● What the task asks
The data that follows is to be copied exactly, with each image removed.

● Provided data
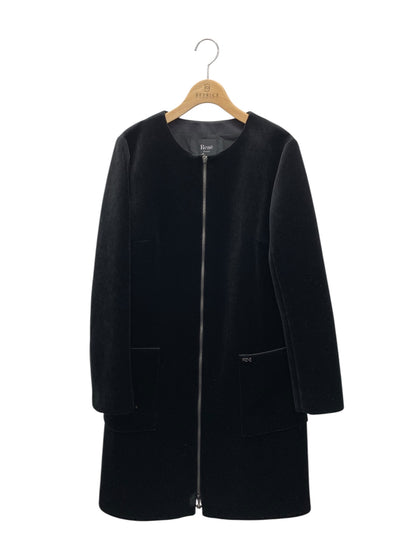 ルネ 5848050 コート 34 ブラック カメリア ジップ ベロア ITU7N73QD360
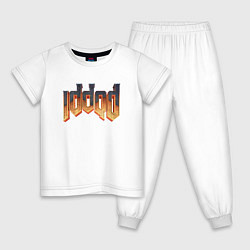 Пижама хлопковая детская IDDQD DOOM, цвет: белый
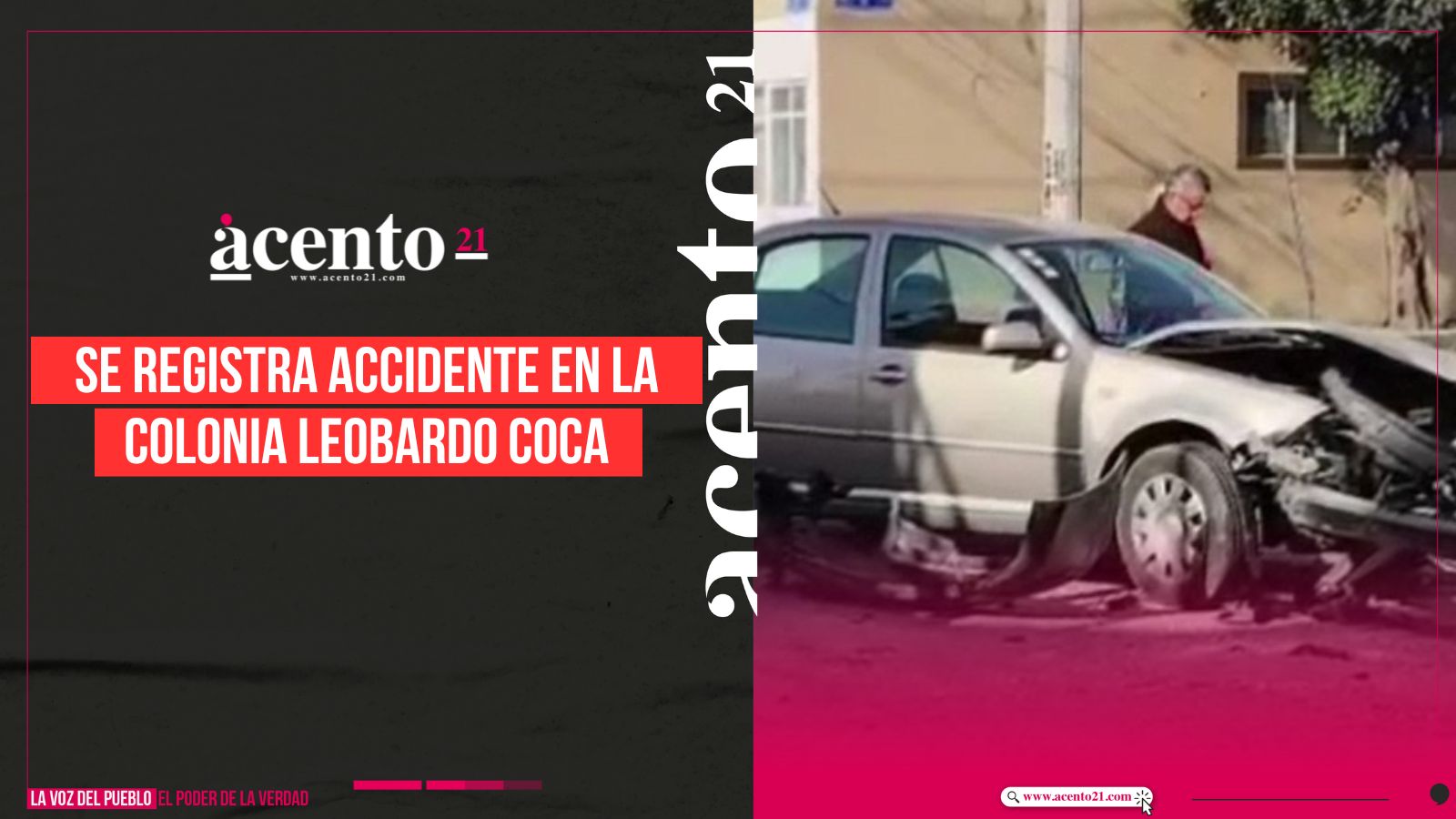 Se registra accidente en la colonia Leobardo Coca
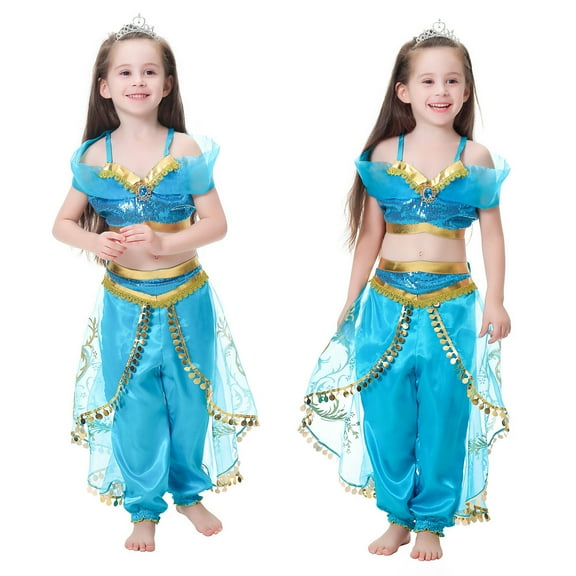 Girls Jasmine Princess Costume Dress up for Birthday Halloween Christmas Party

● Output
 ルネ 5848050 コート 34 ブラック カメリア ジップ ベロア ITU7N73QD360
 Пижама хлопковая детская IDDQD DOOM, цвет: белый
 Se registra accidente en la colonia Leobardo Coca
 Girls Jasmine Princess Costume Dress up for Birthday Halloween Christmas Party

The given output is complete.